The fork and handle can be sawed out in three different lengths; I strongly recommend you use the longest version for your first Bad Hammer. There is no palmswell included on the template, so please download either my "Bad Company 1.3" or my "Bad Series Palmswells" for one. Any of the four ready made (and one "blank") palmswells will fit. There are building instructions included with the Bad Company that also apply to the building of the Hammer, so it would be a really good idea to download that template in any case.

When you have sawed out both the fork with handle and the palmswell, hold them together and see which position of the palmswell fits your hand best (I recommend you place the top of the palmswell around three millimeters below the fork crotch, just where the rounded part of a not too heavily rounded fork edge begins) mark the position, glue it in place and then cut off any excess bits of handle sticking out at the bottom.

I have banded up my first "Bad Hammer 1.1" with single strand TB Gold 2-1,5cm taper and it shoots 10mm steel like nobody's business. A very nice shooter. Enjoy!

Edit: I have uploaded my new Bad Hammer 1.2 with various changes, among them a longer handle for really large hands and its very own palmswell on the template. The old 1.1 is still available, though.

Click here to download this file


----------



## flipgun (Nov 14, 2012)

I have built a couple of these and really like it!


----------



## mopper (Nov 17, 2012)

Do you have any pictures you could upload? I would really like to see your interpretation!

I love the looks of the hammerhead fork, but I have to admit that after actually shooting my own prototype I didn't really like it. I only shoot target style and I find the shape of the fork tips and the almost vertical position of the bands make it hard for me to aim with the bands as i am accustomed to. I much prefer my "Bad Company" which is much better suited to "gangster style" shooting and out of my collection it is in fact the frame I shoot best with, by a considerable margin. Not boasting here because I will freely admit it was more or less chance it came out that way and had nothing to do with my abilities as a designer or shooter :blush:

I am currently thinking about bringing out updated templates for both designs with additional contours that give you the option between the standard 18mm wide palmswell and one made from a 24mm thick board.


----------



## flipgun (Nov 14, 2012)

I do not currently have pictures of them as I gave them away to some friends. (Gotta spread the Bug, Y"know?) But I am also working the Bad Company form.
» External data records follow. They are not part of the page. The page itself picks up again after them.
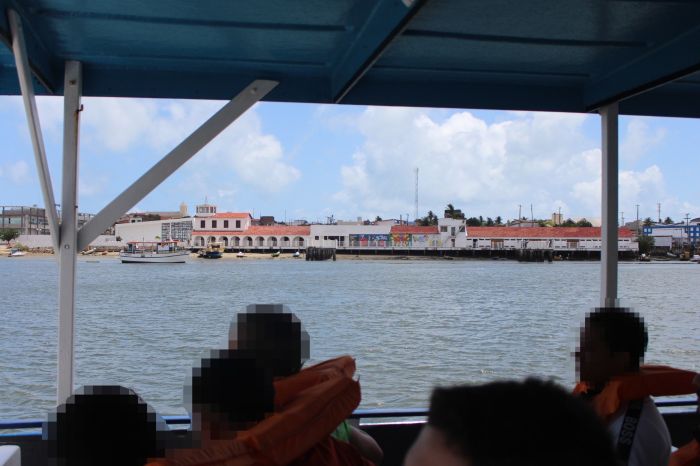 No momento, você está visualizando Rio Potengi se torna sala de aula para adolescentes atendidos pela Fundase/RN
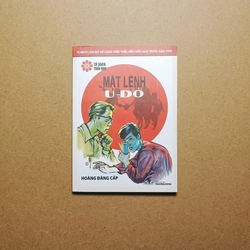 Mật Lệnh U Đỏ (Tủ Sách Tuổi Hoa - Hoa Đỏ) 315739
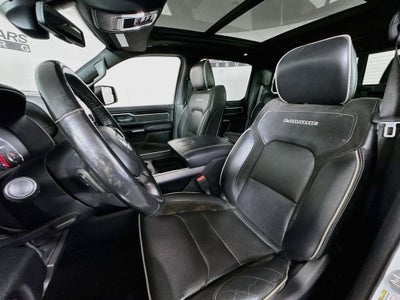 2020 RAM 1500 Laramie CREW CAB 4X4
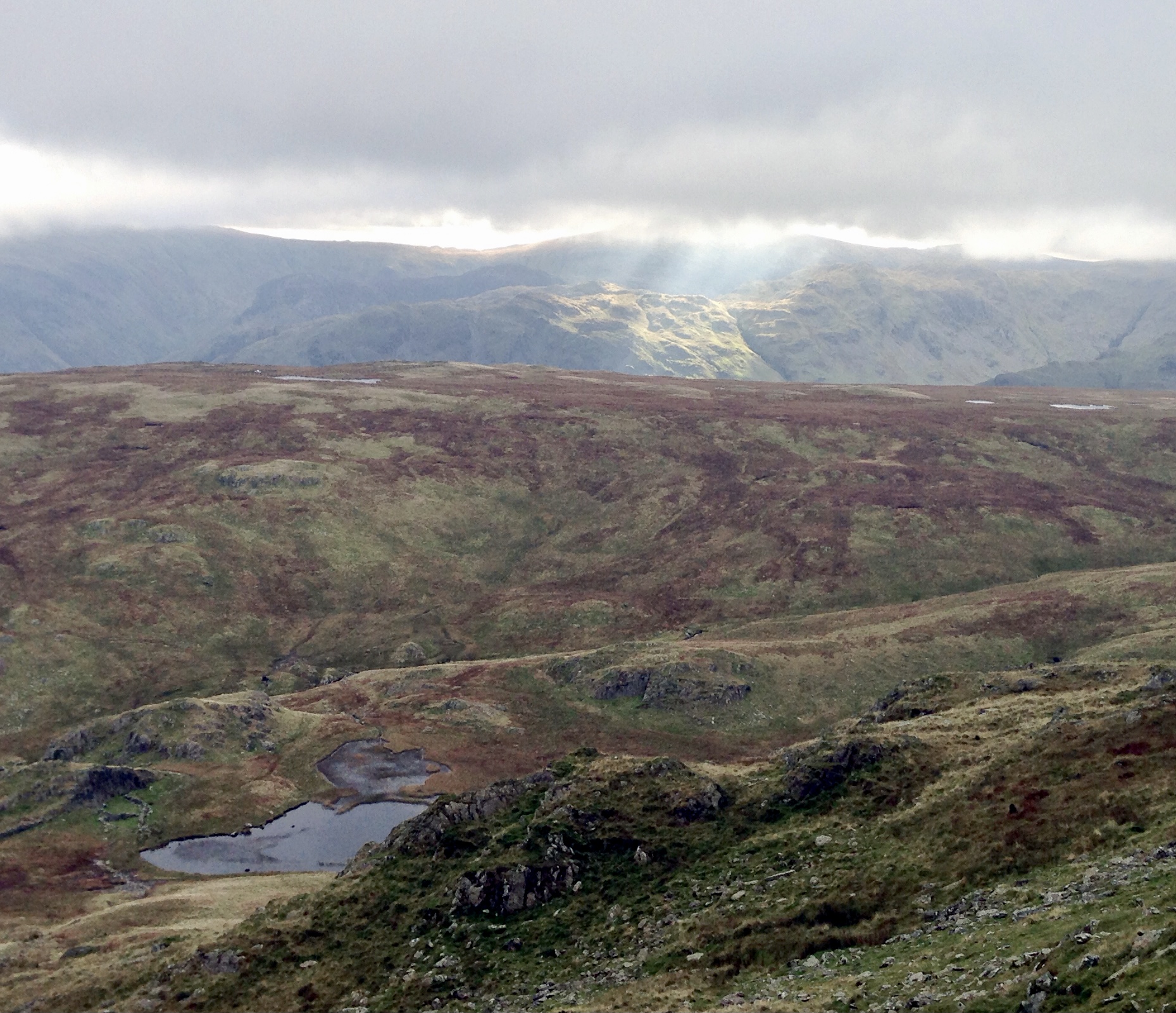 Robinson / Hindscarth / Dale Head / High Spy / Fleetwith Pike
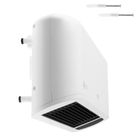 Camry, kurtyna powietrzna z wyświetlaczem, LED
I have made one as a prize in "My first give-away" in the General discussion forum. The 24mm board seemed to be the next natural step and I have done that already. I am also adding scales to help round out the profile of the grip.

I have another Hammer laid out and was planning to cut it out tonight. I'll post you a pic when I'm done.

Thanx for the great design! :thumbsup:


----------



## mopper (Nov 17, 2012)

That Bad Company from your thread is sweet looking, better than I could have done.

Is it just the photo or have you made the fork tips a bit higher than they are in the template? A lot of people seem to worry about how low the fork is, but after many thousands of shots with ammo up to 16mm I have never had a fork hit so far. I only shoot target style however, I don't know if the drop of the ammo would be a problem if the frame was held horizontally ... I don't think so, at least not with anything smaller than 16mm balls.

I guess the higher fork is a good idea if the people you are going to give it to are inexperienced shooters.


----------



## flipgun (Nov 14, 2012)

Good Eye! I took them up about 1/4 of an inch for that very reason. :thumbsup:


----------



## flipgun (Nov 14, 2012)

Hey Brother! Sorry I did not get back sooner.Got some pictures for you.





















I had to put it on hold for a while and I just finished it today. I figured it was only right to show it to you before I posted it. I hope that you like what I have done with your pattern.

By the way is your screen name still "Mopper" or are you going by "MHPR262"? I'll post with credit to Mopper unless I hear diff.

Thanx again for the great pattern.


----------



## mopper (Nov 17, 2012)

That is a great looking shooter. Feel free to modify my design any way you like, after all I have used all sort of other guys' designs for inspiration myself (Jörg Sprave/John Webb for the multiplex 3D grip design and Bill Hays for the "spur"). On here I go by mopper, on Jörg Sprave's forum I go by mhpr262.


----------



## andalussia (Jul 22, 2013)

I like this design. look very good.

its the next for me!


----------



## flipgun (Nov 14, 2012)

andalussia said:


> I like this design. look very good.
> 
> its the next for me!


This design likes Big ammo. It slaps pretty good unless you feed it right.

Happy Shootin'!


----------



## andalussia (Jul 22, 2013)

I have prepared the cylinder head.

I'm having trouble cutting the mold slingshot body.

I broke two, then put pictures. : S

regards


----------



## Yago (Mar 29, 2013)

andalussia said:


> I have prepared the cylinder head.
> 
> I'm having trouble cutting the mold slingshot body.
> 
> ...


Usa la corona para marcar las curvas del perfil,asi no romperas la madera


----------